Зачем мы летим? – вертелось у меня в мозгу. – Ведь мы разобьемся!..
Я попыталась оттолкнуться от Бутиеро, упершись ему в живот руками, но он так крепко меня обнимал, будто прирос ко мне. Вероятно, это меня и спасло от неминуемой смерти.
Прежде чем потерять сознание, я услышала звук от нашего падения. Более страшного звука я не слышала в жизни. Такой шлепок получается только от падения живого тела с большой высоты, когда кости разрывают ткани, когда плоть прессуется в биомассу.
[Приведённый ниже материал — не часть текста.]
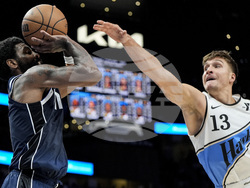 Mavericks Hawks Basketball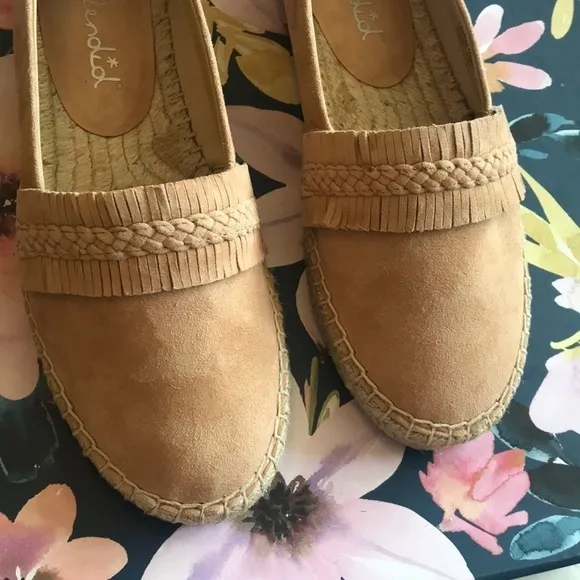 nib // splendid jaime espadrille fringe shoes
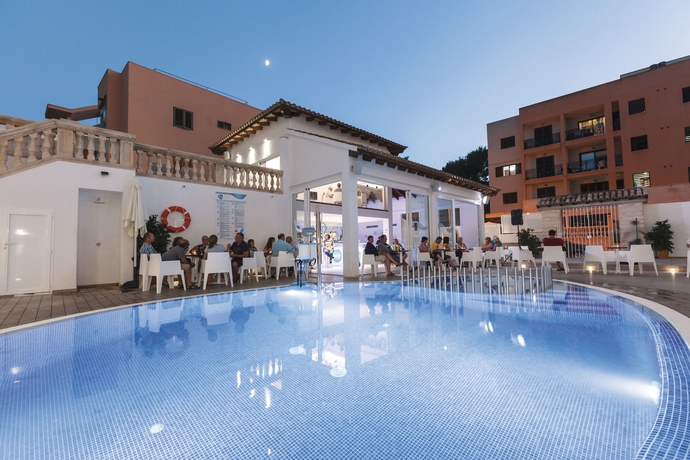 Imagen de la piscina del Hotel R2 Bahia Cala Ratjada - Adults Only. Foto 10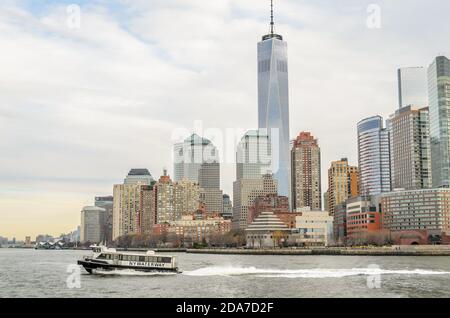 Bateau de croisière sur la voie navigable de New York avec arrière-plan de la Tour de la liberté, Lower Manhattan, New York City, États-Unis Banque D'Images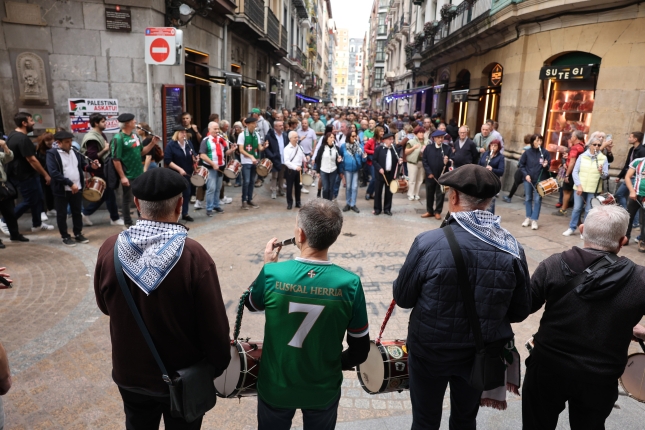 Zazpikaleetan giro ederra izan da goizetik. (OSKAR MATXIN EDESA / FOKU) Zazpikaleetan giro ederra izan da goizetik. (OSKAR MATXIN EDESA / FOKU)
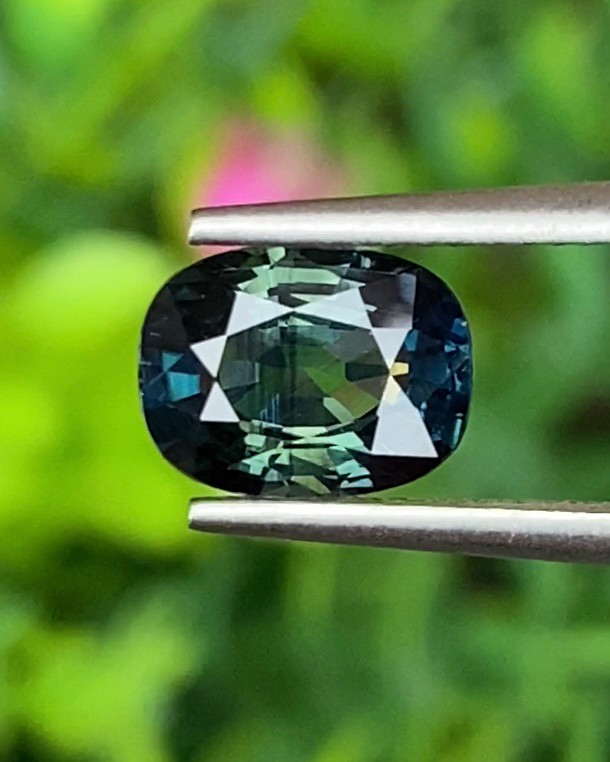 พลอย แซฟไฟร์ 3 สี Tri Color Sapphire 1.97 กะรัต Cts. พลอยแท้ อัญมณีมงคลประจําวันเกิด เครื่องประดับพลอย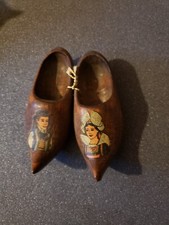 Petits sabots en bois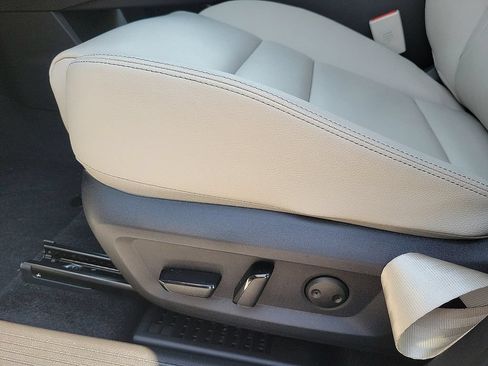 Used 2025 Nissan Rogue SL AWD/4WD image 12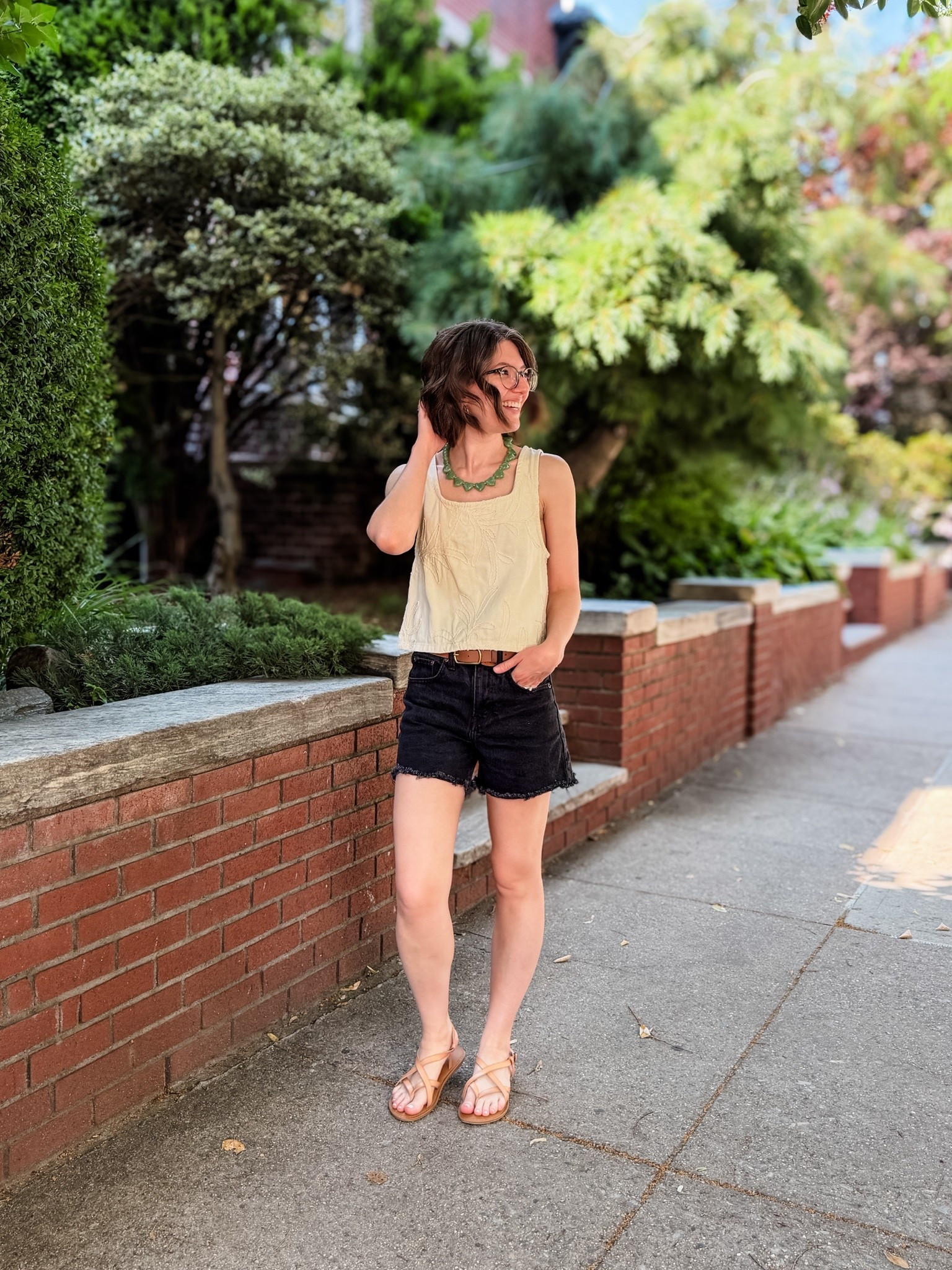 Tank: TTS (primark find, linked similar)
Shorts: I sized up 1
Sandals: TTS

#LTKootd #LTKSaleAlert #LTKdayinmylife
Никогда ничего похожего не бывает с предметами…
Потом я провалилась во что-то черное и очень бесконечное и оттуда услышала:
– Сегодня в городе уже третий такой случай! Обнимаются и сигают с крыши!
Другой голос подтвердил:
– В полуденных новостях сообщали! Я сам видел по телевизору репортаж!
– Вероятно, что-то в природе происходит! – сказал третий.
– Война! – констатировала женщина.
Когда, оповестив о трагедии все окрестности, завывая сиреной, "скорая помощь" остановилась поперек улицы, я открыла глаза и увидела перед собой форменные полицейские ботинки – начищенные до блеска, с туго затянутыми шнурками. Затем мою голову небрежно прикрыла белая простыня, оставляя часть лица открытой, и я поняла, что меня окончательно принимают за мертвую. Кому придет в голову мысль, что можно спастись, спрыгнув с десятого этажа. А я совсем не хотела быть мертвой и, разглядывая форменные ботинки, попыталась закричать. Но в горле у меня что-то заклокотало, забулькало и резануло в груди кинжальной болью. Ощутив во рту привкус крови, я испугалась, что мне вовремя не окажут помощь и я сейчас умру.
Мне совсем не хотелось умирать, а потому я собралась с силами, вытянула шею и что есть мочи укусила за полицейский ботинок.
– Ой! – вскрикнул полицейский.
Инстинктивно дернув ногой, он чуть было не выбил мне зубы, но затем, что-то сообразив, сдернул простыню и заглянул мне в лицо.
– Ой! – повторил полицейский, и я поняла, что он ненамного старше меня. Может быть, ему лет двадцать. – Кажется, она жива!
И тут все бросились ко мне, засуетились. Тут же надели кислородную маску, пришпилили к руке капельницу и только после этого переложили мое тело на носилки.
– Вы слышите меня? – спросил врач, наклонившись ухом к самым моим губам.